OK, let's make sense of the readings that your multimeter recorded in the test:
CASE 1: Your multimeter registered 14 to 14.5 Volts from the start of the test to the end of the test. This test result lets you know that the alternator on your 4.6L or 5.4L Ford van is working like it should. No further testing is required.
CASE 2: Your multimeter DID NOT register 14 to 14.5 Volts from start to end and the voltage dropped to 9 Volts DC. This test result lets you know that the alternator is probably bad.
Probably bad? What I mean is this, around 90% of the time, you could stop here, replace the alternator and the problem is solved. To be 100% sure the alternator is bad, there are 2 more tests to do and I'll show you how to do them. Go to: TEST 2: Checking The Continuity Of The BAT + Circuit..
TEST 2: Checking The Continuity Of The BAT + Circuit
The charge that the alternator produces is delivered to the battery via the black with orange stripe (BLK/ORG) cable, which connects to the rear of the alternator with a nut.
Before the alternator's charge reaches the battery through the BLK/ORG cable, it has to pass through two inline fusible links.
It's not uncommon for these inline fusible links to get blown and prevent the alternator's output from reaching the battery.
In this test section, we're going to do a simple multimeter continuity test on this circuit to find out if the inline fusible links are okay.
If they are, then we can confidently conclude that the alternator's charge is being delivered to the battery, assuming the alternator is good.
These are the test steps:
- 1
Disconnect the battery negative (-) cable from the battery but leave the positive (+) cable connected to the positive (+) post.
IMPORTANT: Do not proceed to the next steps until you have done this first. - 2
Set your multimeter to Ohms mode.
- 3
Connect the red multimeter test lead to the stud shown in the photo above.
A BLK/ORG cable connects to the stud indicated by the arrow (in the photo above).
NOTE: Don't disconnect the BLK/ORG cable from the alternator. - 4
Connect the black multimeter test lead on the battery positive (+) terminal (at the battery).
The battery negative (-) wire must remain disconnected from the battery. - 5
Your multimeter will register one of two values:
1.) Continuity (usually an Ohms value of about 0.5 Ohms).
2.) No continuity (an infinite Ohms reading (OL)).
OK, now that the testing part is done, let's take a look at what your results mean:
CASE 1: Your multimeter registered 0.5 Ohms.
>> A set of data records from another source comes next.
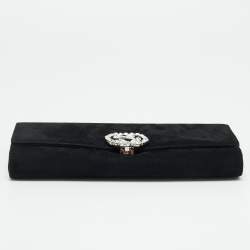 مملوكة مسبقًا Gucci Broadway Black Suede Suede Crystal GG Clutch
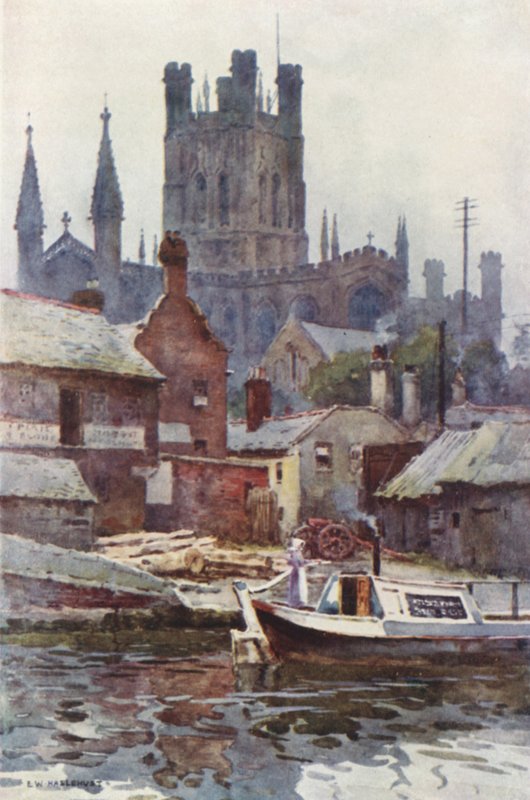 Chesterin katedraali kanavalta (väri litho) tekijältä Ernest William Haslehust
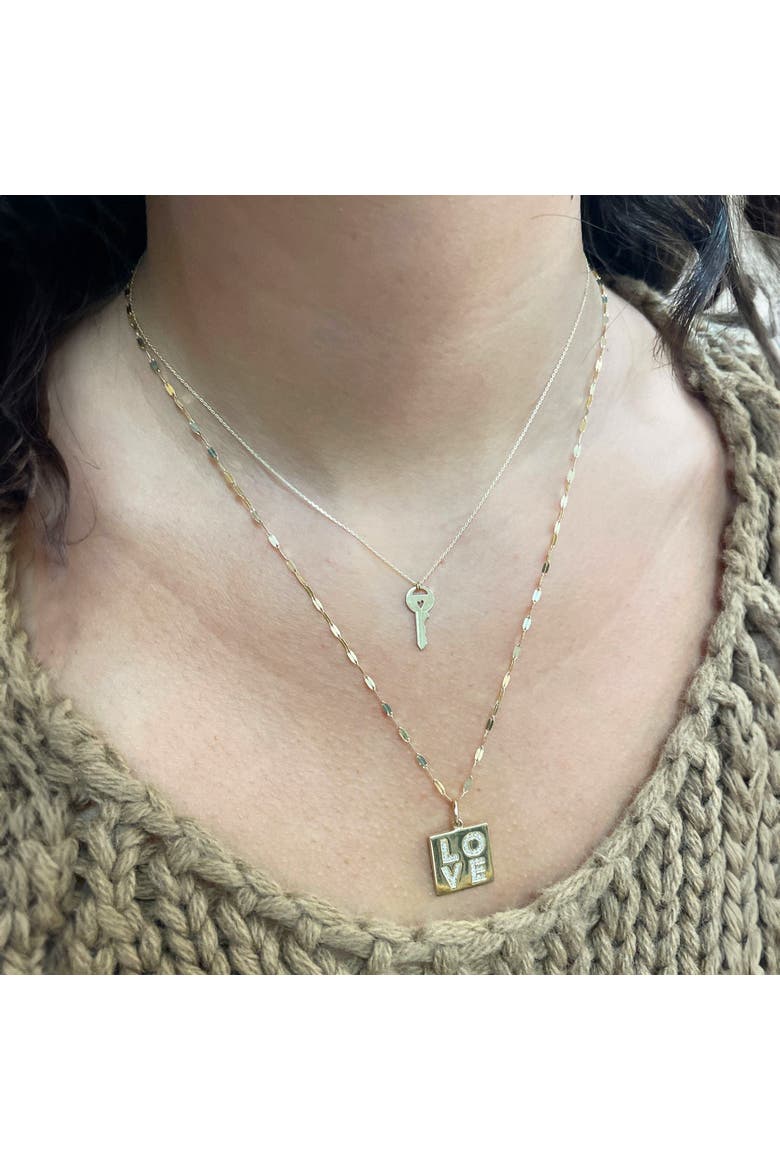 Gold Key Heart Necklace, Alternate, color, Yellow Gold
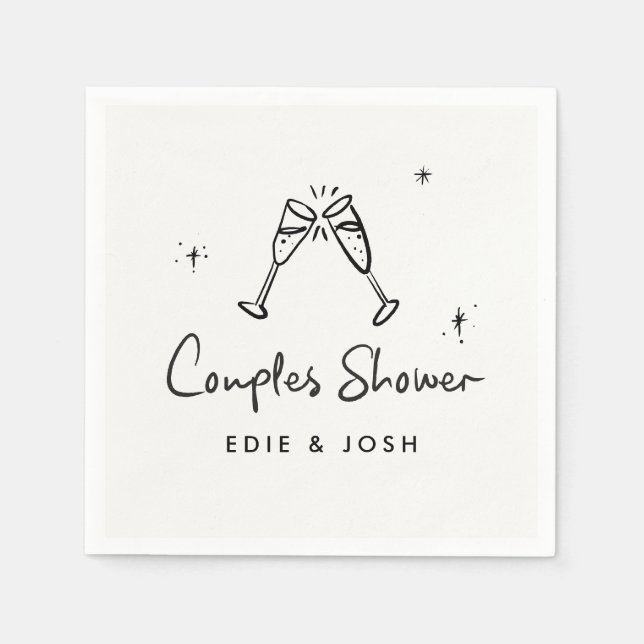 Serviette En Papier Couples douche moderne naturel élégant manuscrit (Devant)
This result indicates that the mega fuse is OK and not blown.
Now, there's just one more thing to check and you're done! The next test is to make sure that the alternator's voltage regulator is getting power. For this test, go to: TEST 3: Making Sure The Voltage Regulator Is Getting Power.
CASE 2: Your multimeter DID NOT register 0.5 Ohms, it registered OL. This result tells you that the inline fusible links are blown.
Check the inline fusible links. If they're blown, replace them and retest. More than likely, this will solve the alternator's no-charge problem.
Blown fusible links are rare. However, if they do get blown, you'll need to find out why, as they don't get blown without a reason.
These fusible links are connected to the starter motor relay. The starter motor relay (not to be confused with the starter motor solenoid) is located in the right front corner of the engine compartment.